In the USA, 40% of prostate cancer cases are in men under 65 years old. In the UK, our average age is 10-74, which highlights the need for earlier screening and diagnosis in the UK.

(Data from the Prostate Cancer Foundation)

“Prostate cancer should be the UK’s 4th screening programme… using the latest tests at volume will make this financially viable”

Last month a new study was published regarding implementation of a national screening program and the cost implications:  BC Health Service Research entitled “Impact of PSA testing on secondary care costs in England and Wales: estimates from the Cluster randomised triAI of PSA testing for Prostate cancer (CAP)” looked to estimate the likely budgetary impact on secondary care in England and Wales to inform screening decision makers.

The conclusions were: The introduction of a PSA testing programme for prostate cancer has the potential to have a substantial budgetary impact on hospital care, based on data from a large randomised controlled trial carried out in the UK. Decision makers wanting to implement such a programme should consider whether it is affordable within local budgetary constraints, and take affordability (based on realistic contemporary cost estimates) into account alongside measures of effectiveness and cost-effectiveness.

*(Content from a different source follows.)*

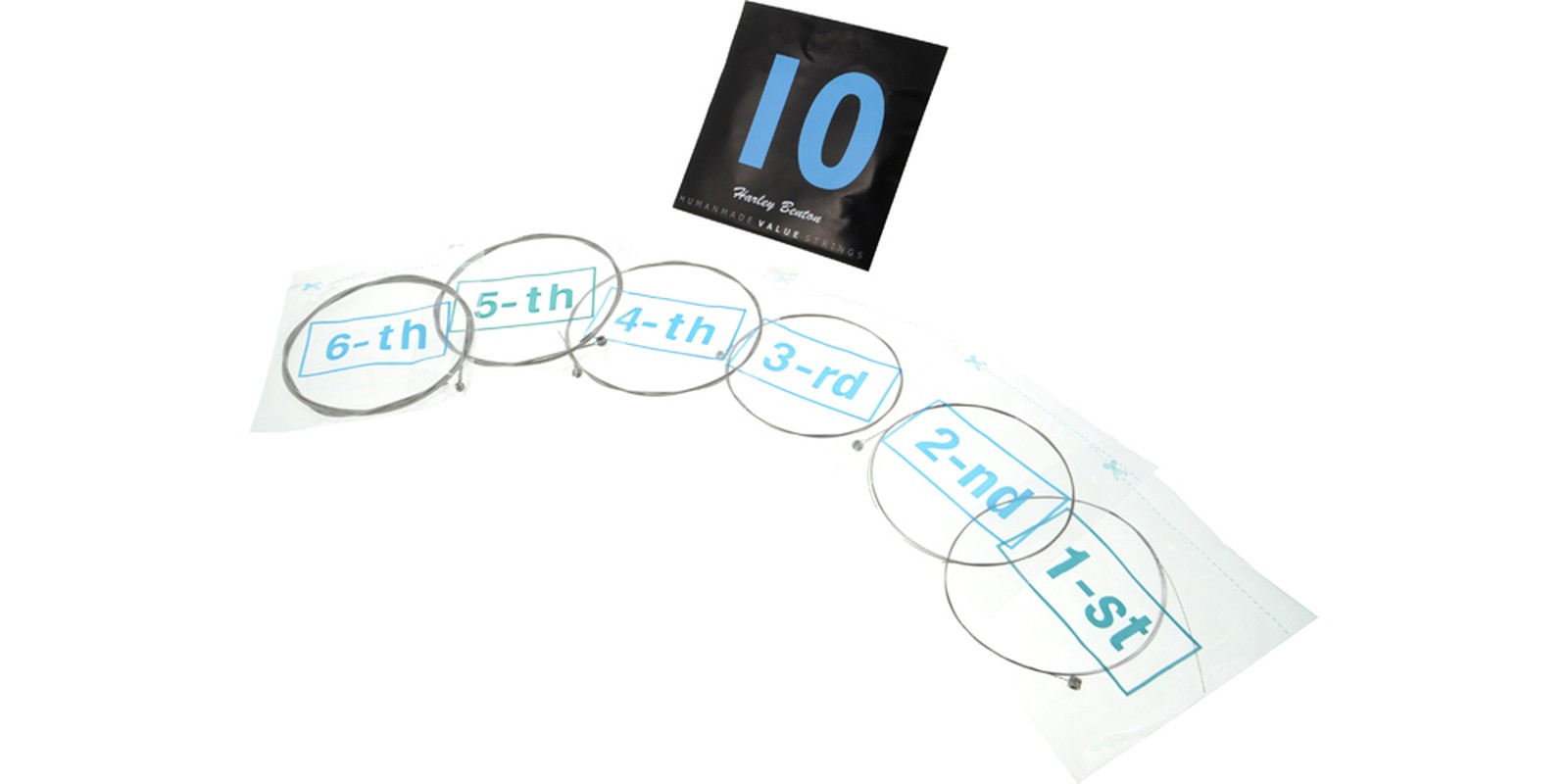 Harley Benton Valuestrings 010 Saiten für E-Gitarre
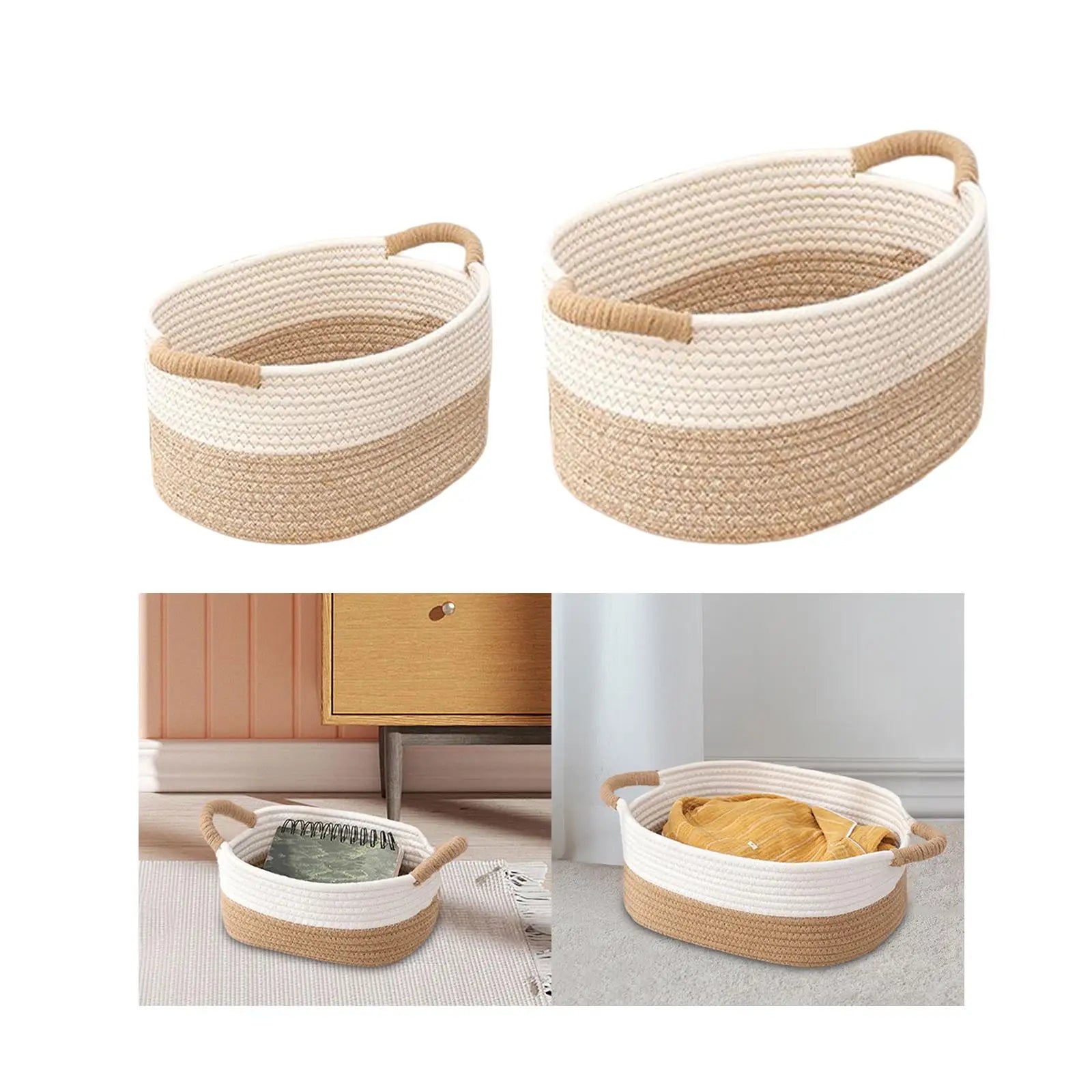 Rope Woven Baskets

This study has indicated that there could be substantial costs associated with the early years of a PSA testing programme for detecting prostate cancer. If all men aged 50–69 in England and Wales were to be offered the test simultaneously, the associated NHS secondary care costs arising from treatment of detected cancers could run to £628 million, which is unlikely to be affordable in the UK context, given NICE considerations.

https://bmchealthservres.biomedcentral.com/articles/10.1186/s12913-023-09503-7

However, they also stated in the study that limitations were: “more recent innovations have included the use of new biomarkers, and MRI-guided biopsy methods; model-based economic evaluations have suggested that these methods may be more cost-effective”

We already know health improvements cost money. The NHS currently has a budget of £180 billion. I would like to see some of that money be spent on improving the prostate cancer pathway. We need a national screening program starting at 50 for high risk individuals, those with a genetic predisposition/family history especially of aggressive prostate cancer. In this era of Next Gen Sequencing and personalised medicine how many genetic predisposition tests are done for prevention rather than cure, not enough I would say! Then general population testing needs to start at 55 and should use the latest early detection biomarker tests. Currently the argument against is that these tests cost hundreds of pounds, but that’s at low volume. The costs of these tests could be tens of pounds at higher volume and would help triage patients before mp-MRI or biopsy, reducing overall costing.

I believe we currently have only three national cancer screening programs in the UK - breast cancer, cervical cancer, and colon cancer. I would like prostate cancer to be the 4th.